Several original vehicular tunnels were built in Russia after 2000, in accordance with the plan for the development of southern Russia. The Matsesta tunnel (1.35 km) and the Red Glade Tunnel (2.45 km) were built in the immediate vicinity of Sochi, and two new tunnels between the city of Adler and Red Glade District were built to enhance the road network in this region.

The Winter Olympic Games in 2014 are stimulating the construction of a new railway branch which is 48 km long and runs parallel to the expressway from the Adler airport to the Red Glade downhill skiing sports complex. About a dozen of the most complicated railway and vehicular tunnels are to be built between 2009 and 2014 to cross this mountainous district.

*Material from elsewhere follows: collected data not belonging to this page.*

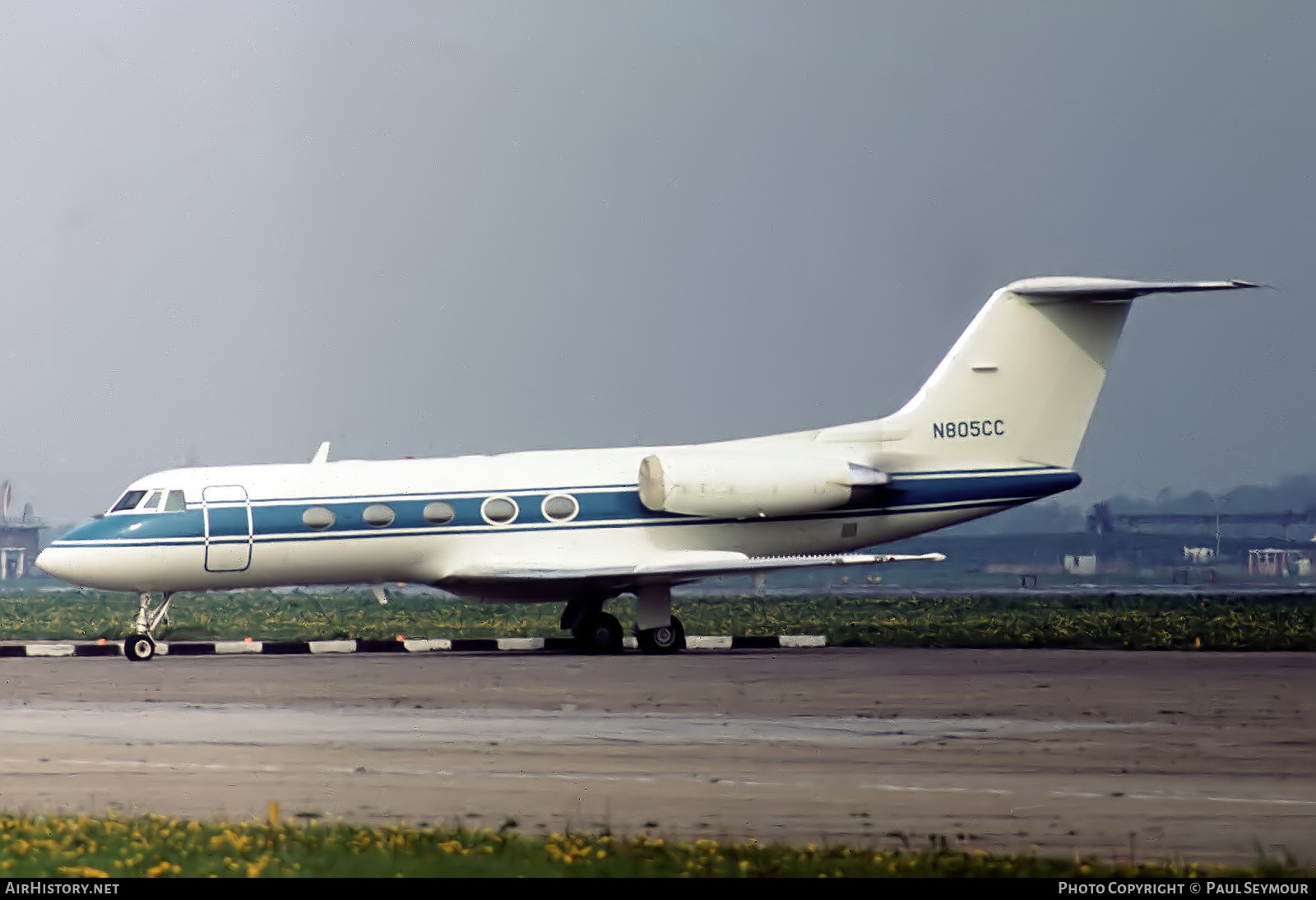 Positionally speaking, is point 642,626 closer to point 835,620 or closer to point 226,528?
point 226,528

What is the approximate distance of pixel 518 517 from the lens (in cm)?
2481

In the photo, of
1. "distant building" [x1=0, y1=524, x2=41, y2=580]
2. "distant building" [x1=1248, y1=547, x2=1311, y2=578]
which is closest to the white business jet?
"distant building" [x1=1248, y1=547, x2=1311, y2=578]

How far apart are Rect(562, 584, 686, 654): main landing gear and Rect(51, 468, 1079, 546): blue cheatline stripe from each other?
3.88 ft

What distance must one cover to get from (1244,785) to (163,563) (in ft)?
53.5

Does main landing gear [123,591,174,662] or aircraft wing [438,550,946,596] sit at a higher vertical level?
aircraft wing [438,550,946,596]

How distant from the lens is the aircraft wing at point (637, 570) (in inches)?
927

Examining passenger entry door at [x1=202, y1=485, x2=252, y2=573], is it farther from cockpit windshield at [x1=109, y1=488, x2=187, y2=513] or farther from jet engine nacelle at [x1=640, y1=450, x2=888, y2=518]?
jet engine nacelle at [x1=640, y1=450, x2=888, y2=518]

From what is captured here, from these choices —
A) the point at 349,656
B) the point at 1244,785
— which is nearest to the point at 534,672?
the point at 349,656

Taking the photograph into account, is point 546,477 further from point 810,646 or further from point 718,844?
point 718,844

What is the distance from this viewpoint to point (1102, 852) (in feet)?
28.8

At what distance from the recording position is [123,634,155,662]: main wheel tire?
2286 centimetres

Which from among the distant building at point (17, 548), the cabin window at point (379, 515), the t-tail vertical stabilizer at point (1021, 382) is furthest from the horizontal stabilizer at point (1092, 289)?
the distant building at point (17, 548)

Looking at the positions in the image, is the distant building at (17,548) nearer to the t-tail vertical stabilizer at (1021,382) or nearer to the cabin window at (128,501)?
the cabin window at (128,501)

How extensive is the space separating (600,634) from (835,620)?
807 cm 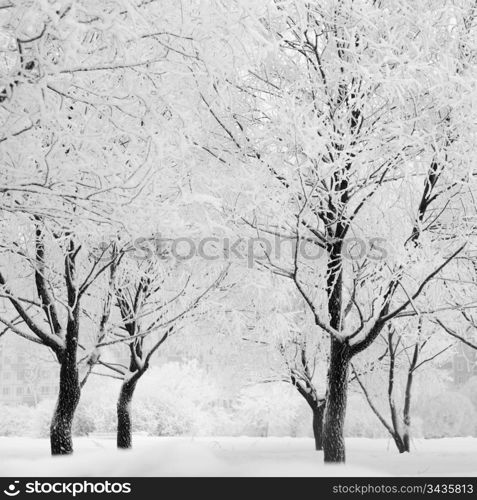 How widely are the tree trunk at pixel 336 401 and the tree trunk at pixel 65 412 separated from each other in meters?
3.76

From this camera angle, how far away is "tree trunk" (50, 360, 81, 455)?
30.2ft

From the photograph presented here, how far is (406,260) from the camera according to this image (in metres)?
7.12

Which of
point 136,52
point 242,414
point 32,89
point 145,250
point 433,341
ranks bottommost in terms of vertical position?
point 242,414

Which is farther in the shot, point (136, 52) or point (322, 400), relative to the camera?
point (322, 400)

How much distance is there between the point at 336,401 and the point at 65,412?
4.02 metres

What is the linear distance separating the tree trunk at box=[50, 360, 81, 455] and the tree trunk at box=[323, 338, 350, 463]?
376 cm

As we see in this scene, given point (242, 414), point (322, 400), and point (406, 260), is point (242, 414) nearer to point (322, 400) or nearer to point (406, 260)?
point (322, 400)

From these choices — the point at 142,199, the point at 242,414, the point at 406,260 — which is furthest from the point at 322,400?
the point at 242,414

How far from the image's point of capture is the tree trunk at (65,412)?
30.2 feet

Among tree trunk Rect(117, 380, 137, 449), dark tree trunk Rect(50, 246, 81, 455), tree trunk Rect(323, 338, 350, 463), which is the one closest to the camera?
tree trunk Rect(323, 338, 350, 463)

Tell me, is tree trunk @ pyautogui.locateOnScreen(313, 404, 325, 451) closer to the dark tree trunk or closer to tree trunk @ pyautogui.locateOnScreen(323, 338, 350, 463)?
tree trunk @ pyautogui.locateOnScreen(323, 338, 350, 463)

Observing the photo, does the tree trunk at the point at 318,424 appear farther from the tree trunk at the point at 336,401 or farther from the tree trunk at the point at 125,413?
the tree trunk at the point at 336,401

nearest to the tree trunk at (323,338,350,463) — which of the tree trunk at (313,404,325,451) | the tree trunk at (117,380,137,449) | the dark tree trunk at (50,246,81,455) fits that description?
the dark tree trunk at (50,246,81,455)

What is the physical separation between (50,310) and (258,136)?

Such a rapid pace in tunneling and construction is unprecedented in the history of Russian tunnel engineering.

Exercises:

Find Russian equivalents to the following English word combinations

Estimated seismic activity, expressway lanes, fabrication method, fan shaped arrangement, fine-dispersed material, fracture zone, multi-cable-stayed system, ring road, rock debris material, Science-Production Association, single tower cable-stayed structure, state-of-art-technology, temperature swings, unobstructed passage.

Answer the following questions

1. What span length is considered to be a record length for the single tower cable-stayed structures in Russia?

2. What technological advance is associated with the Sourgut Bridge construction?

3. Why is the road bridge over the Irtysh River, considered to be a unique structure in the city of Khanty-Mansyisk?

4. How does the new cable-stayed road bridge in St Petersburg differ from the rest bridges over the Neva River?

5. Why does the Silvery Pine Forest Bridge prove to be an engineering achievement and a tourist attraction simultaneously?

6. Which of the two spans (the cable-stayed bridge in Vladivostok or the Akashi Kaikyo suspension structure in Japan) is longer?

7. Why has the Baikal-Amur Trunk Line greatly influenced Russian tunnel engineering?

8. Why are the tunnellers so proud of having constructed the Northern Muya Tunnel?

9. What challengers did they face while tunneling?

10. What newly-developed construction methods did they use?

11. What is the influence of the forthcoming Winter Olympic Games on the Russian transport system?